## Your objective
Reproduce exactly the run of lines that begins with the one containing "TRANSFO PRI=120/208/240V, SEC=2.5/8/12/16/24V" and ends with the last line of the records, omitting pictures.

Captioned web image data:
· · ·
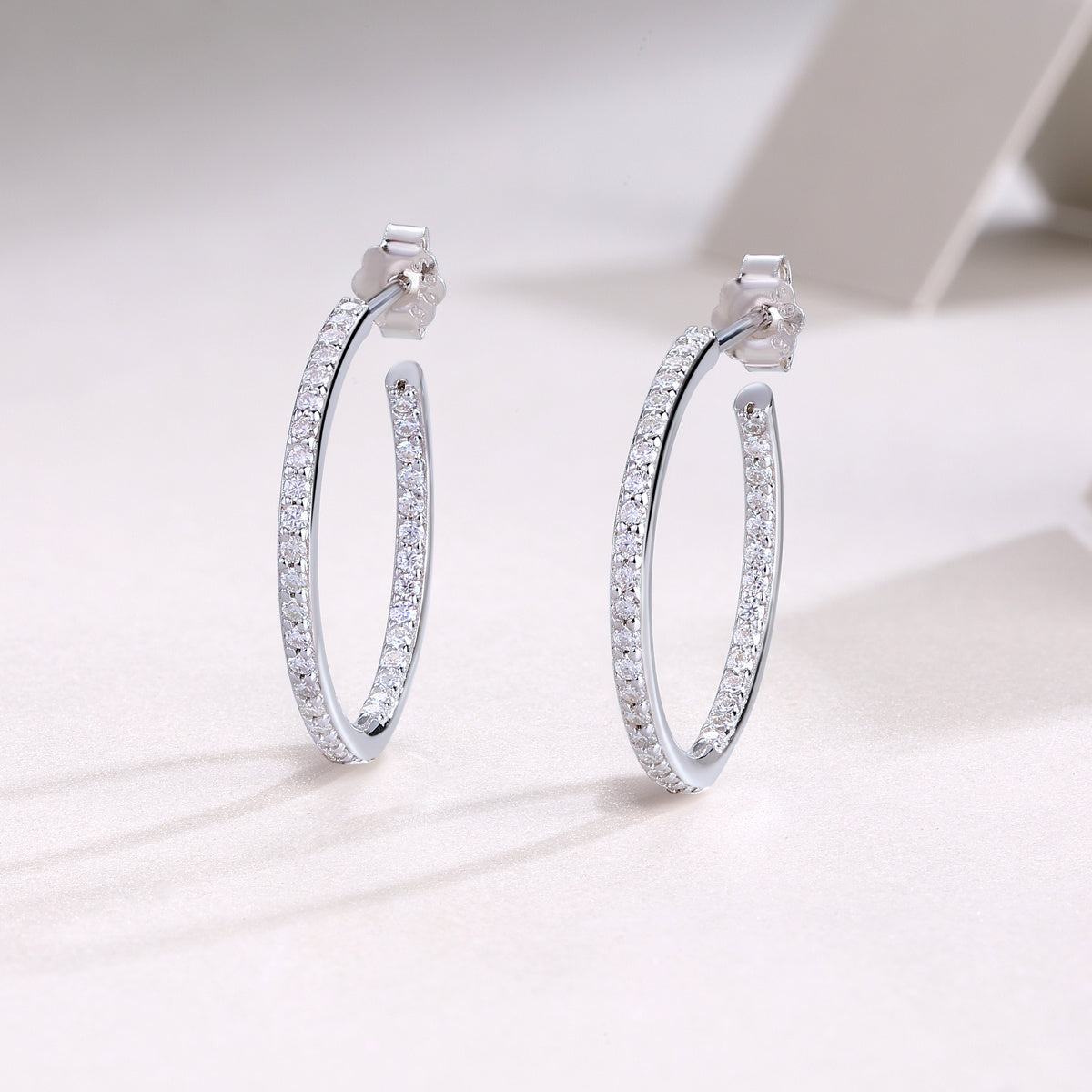 Ribbon - Square Moissanite S925 Sterling Silver Earrings
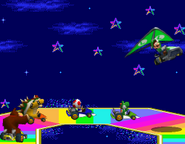 DK, Bowser, Toad, Yoshi, and Luigi in GBA Rainbow Road.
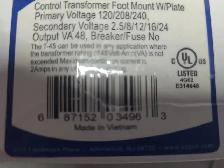 TRANSFO PRI=120/208/240V, SEC=2.5/8/12/16/24V 48VA NEUF T45 - Photo 2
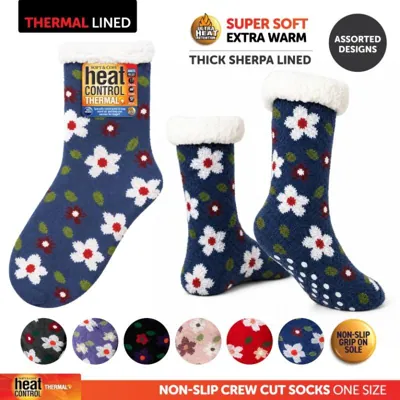 Socks Adults Heat Control Extra Thick Sherpa Lined Anti-Slip Crew Cut Floral Assorted Colours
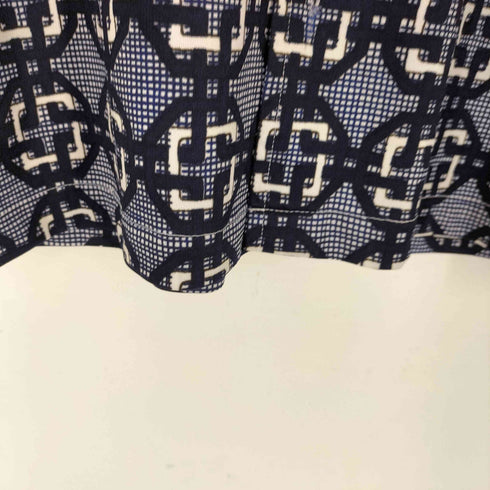 ジバンシィ GIVENCHY 70-80S 顔タグ デカ襟 総柄 L/S シャツ レディース 10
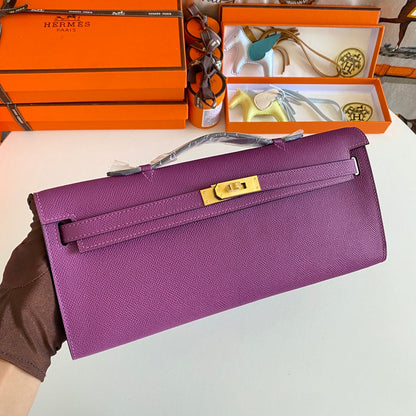 HM Kelly Cut 31 Violet Epsom Leather Gold Hardware 229037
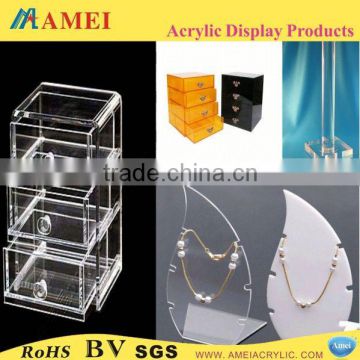 Top selling crystal 3 drawer glass mirror jewelry box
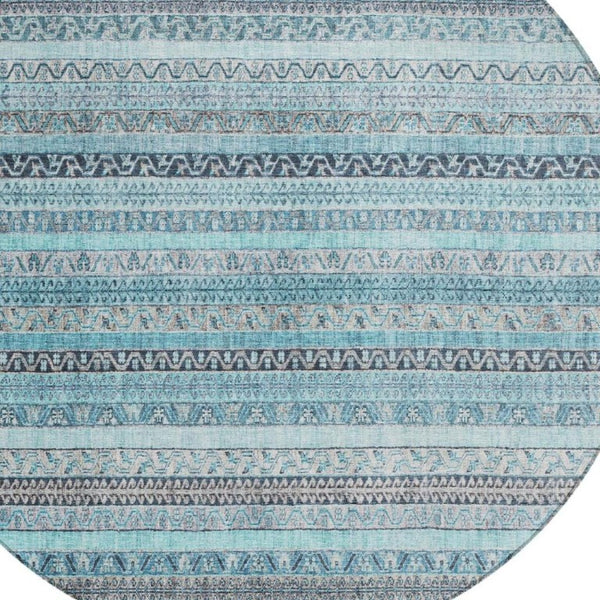 8 Foot Round Striped Polyester Area Rug Washable Teal Blue for Indoor Outdoor Use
· · ·
## Solution
 TRANSFO PRI=120/208/240V, SEC=2.5/8/12/16/24V 48VA NEUF T45 - Photo 2
 Socks Adults Heat Control Extra Thick Sherpa Lined Anti-Slip Crew Cut Floral Assorted Colours
 ジバンシィ GIVENCHY 70-80S 顔タグ デカ襟 総柄 L/S シャツ レディース 10
 HM Kelly Cut 31 Violet Epsom Leather Gold Hardware 229037
 Top selling crystal 3 drawer glass mirror jewelry box
 8 Foot Round Striped Polyester Area Rug Washable Teal Blue for Indoor Outdoor Use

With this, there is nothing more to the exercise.